• TASK TO CARRY OUT: Beginning with the line that holds "Se metió a una casa y terminó detenido" and ending with the last line below, please copy every line exactly, add nothing, and leave out the pictures.

• GIVEN MATERIAL:
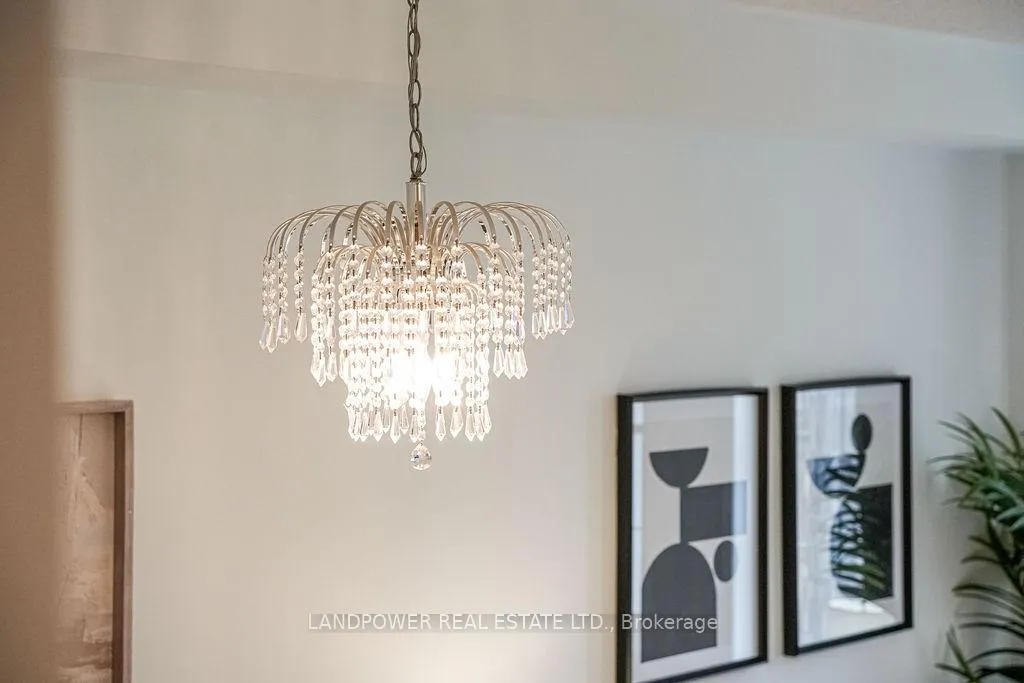 Photo 10 of 125 Yale Lane, Markham, Cornell — HOMEH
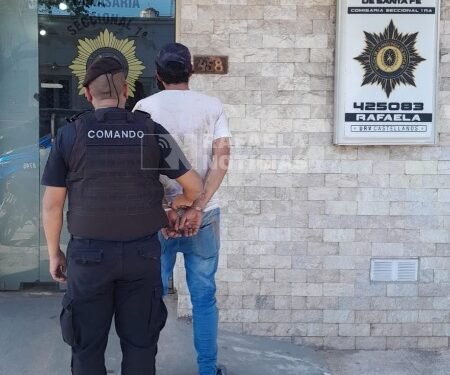 Se metió a una casa y terminó detenido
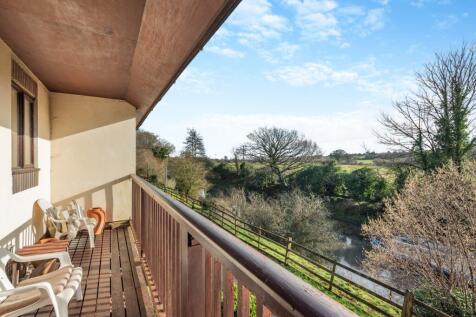 Kingsmanor Wharf, Devizes SN10 3 bed terraced house for sale
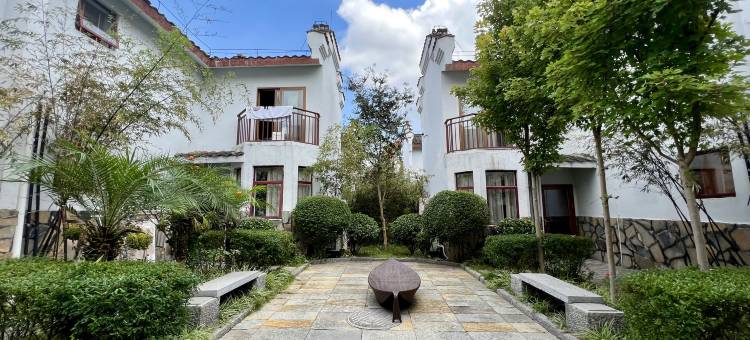 兴仁薏见民宿图片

• RESULT OF THIS TASK:
 Se metió a una casa y terminó detenido
 Kingsmanor Wharf, Devizes SN10 3 bed terraced house for sale
 兴仁薏见民宿图片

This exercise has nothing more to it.